In either of the cases displayed on the video, this proves that we desperately need to sort ourselves out a human race. We are just making the divide wider and one day it will be too wide. We are already seeing this in regards to the spate of stabbings of youngsters in London. The divide is causing wide spread fear of all things that aren’t familiar. It’s the same with mental health where people fear what they don’t understand. The ignorance can make people assume anything. Then it starts coming down to what someone ‘might do’ and taking no chances. Then we get treated as I have been, no one has ever actually got to know me.
I may be still young in this incarnation, but I know I’ve been here before.
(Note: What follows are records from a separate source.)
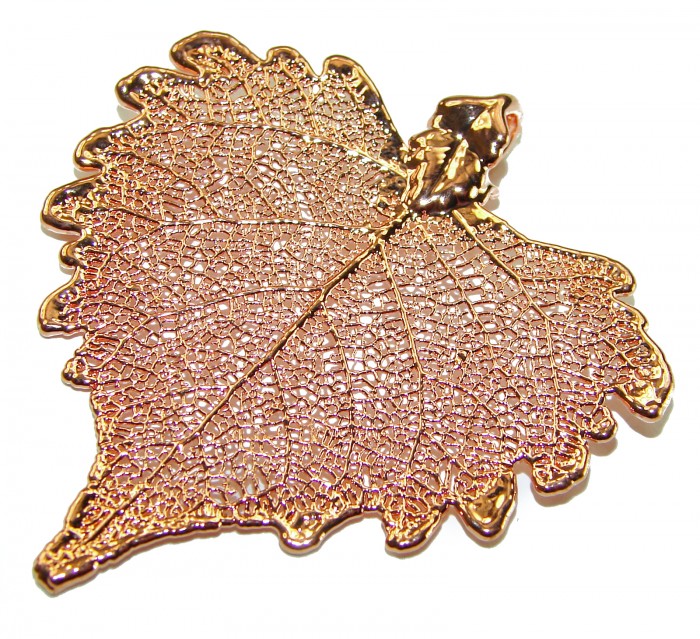 Stylish REAL Leaf dipped in .925 Sterling Silver and Copper Pendant - photo 2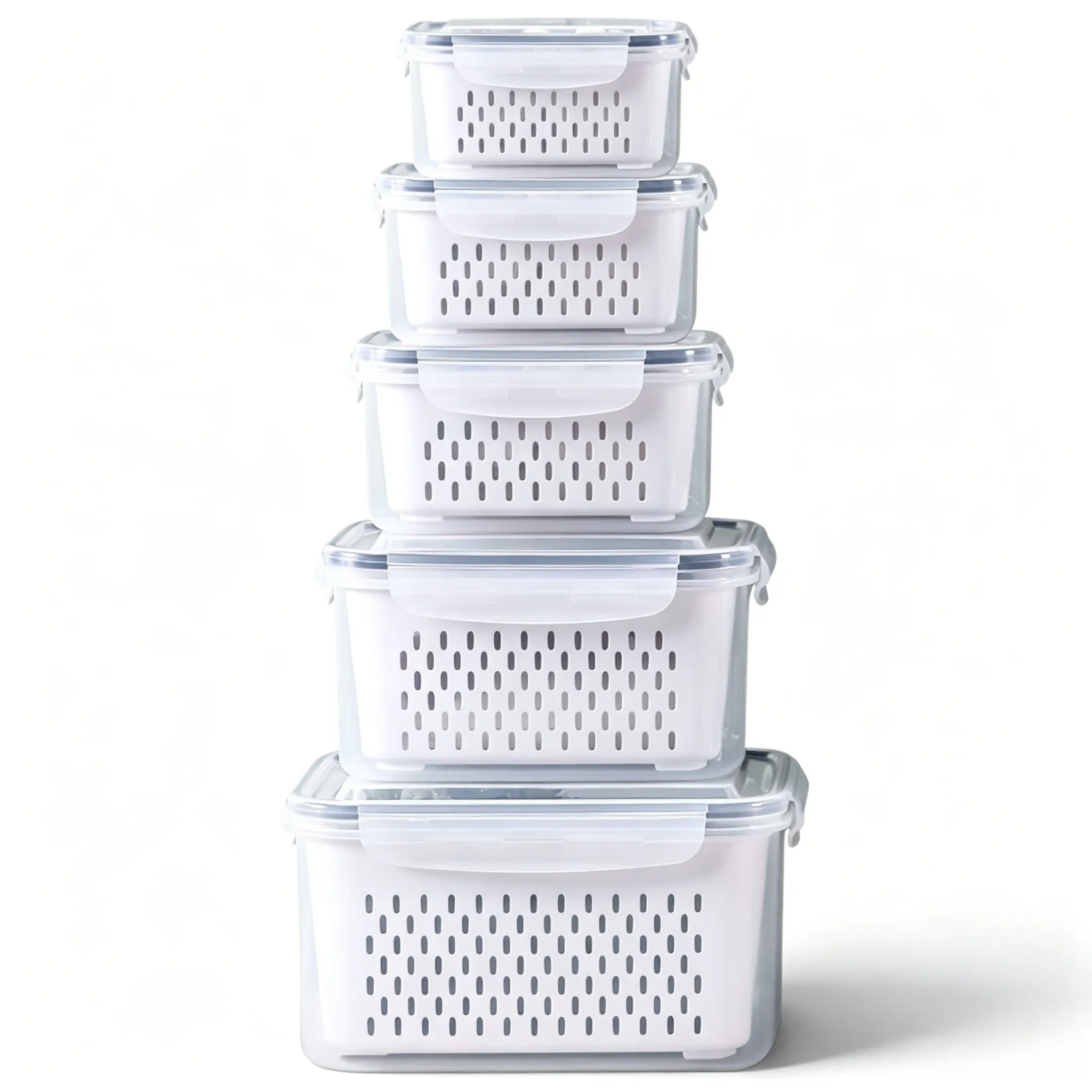 5 PCS Large Fruit & Vegetable Storage Containers for Refrigerator – Leakproof Food Storage Boxes with Removable Colander, Clear Plastic Produce Keeper, Berry, Meat & Snack Freshness, Microwave, Dishwasher & Freezer Safe, BPA Free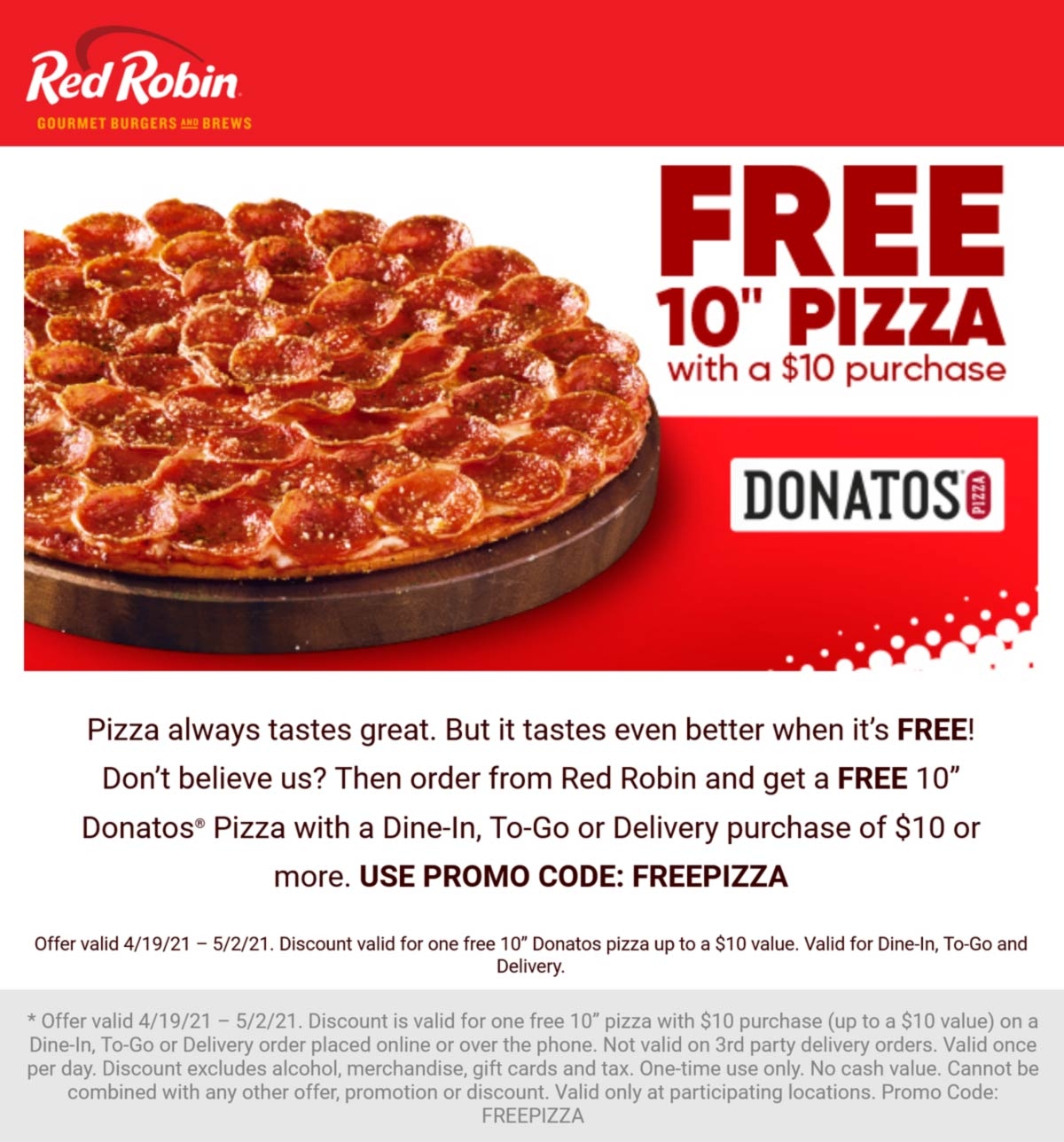 Free Pizza With 10 Spent At Red Robin Via Promo Code FREEPIZZA Red Robin August 2025 Coupons Promo Codes U0026 Deals 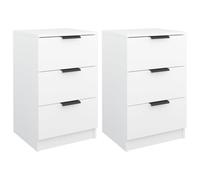 vidaXL Bedside Cabinets 2 pcs White 40x36x65 cm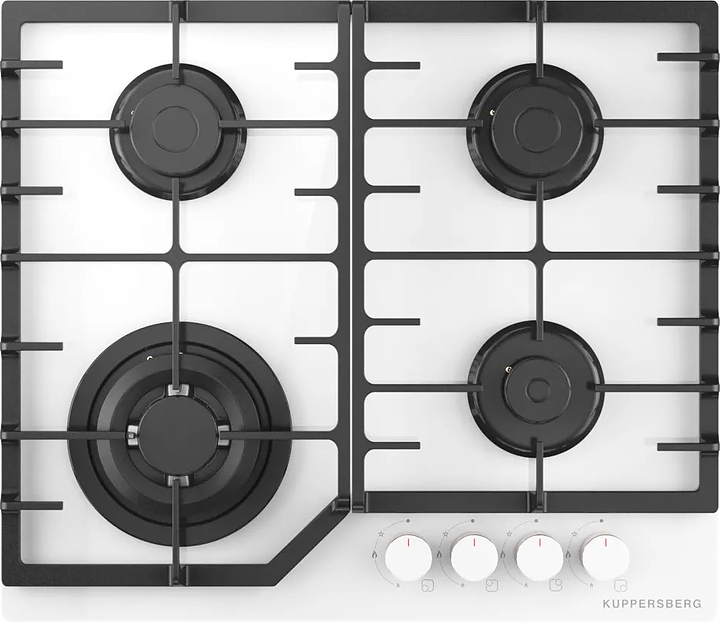 Варочная панель газовая Kuppersberg FG 66 W белое стекло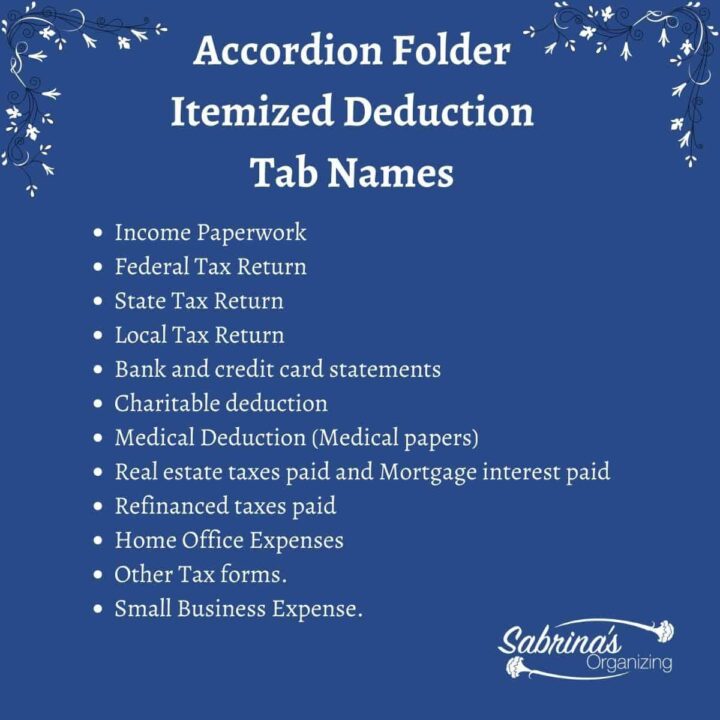 13 Tab Accordion Folder itemized tax deduction Names list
I swear that it wasn’t that long ago either. I’m sure that I came back straight away practically. I feel too much. I’ve had people look into my eyes and tell me I’m an old soul in a younger person’s body. I know me and I came back because I cared very much about things in my last life. I don’t have a clue who I actually was because we aren’t supposed to know that information. I’ve had dreams but there is no solid proof that I was remembering my past life. I just have a feeling that I wasn’t that old when I died. I can go places that just feel familiar to me. I’ve explained events that happened in the 60s and 70s that I couldn’t have possibly seen first hand because I weren’t born. If I came back for any reason then I want to make a difference. I grew up feeling a lot of guilt and regret from when I was in my childhood. That couldn’t have been from this life. I was never a happy child because I always felt like something was wrong. I definitely feel that my life was ended by another in a previous life. I feel that if I make a difference in this life then it will make me no longer feel so afraid of other people. I’ve always been petrified of them and never been able to do physical contact with anyone else. It feels intrusive and I don’t think that is just my autism.
And, I saw 222 twice, 333, 666, 777 and 555 on car number plates while walking for about an hour earlier. I have friends tell me that there is nothing in these numbers. But, I saw so many today just walking in a circle route around one town and the one next door to us. That is the most I’ve seen in one time on one day.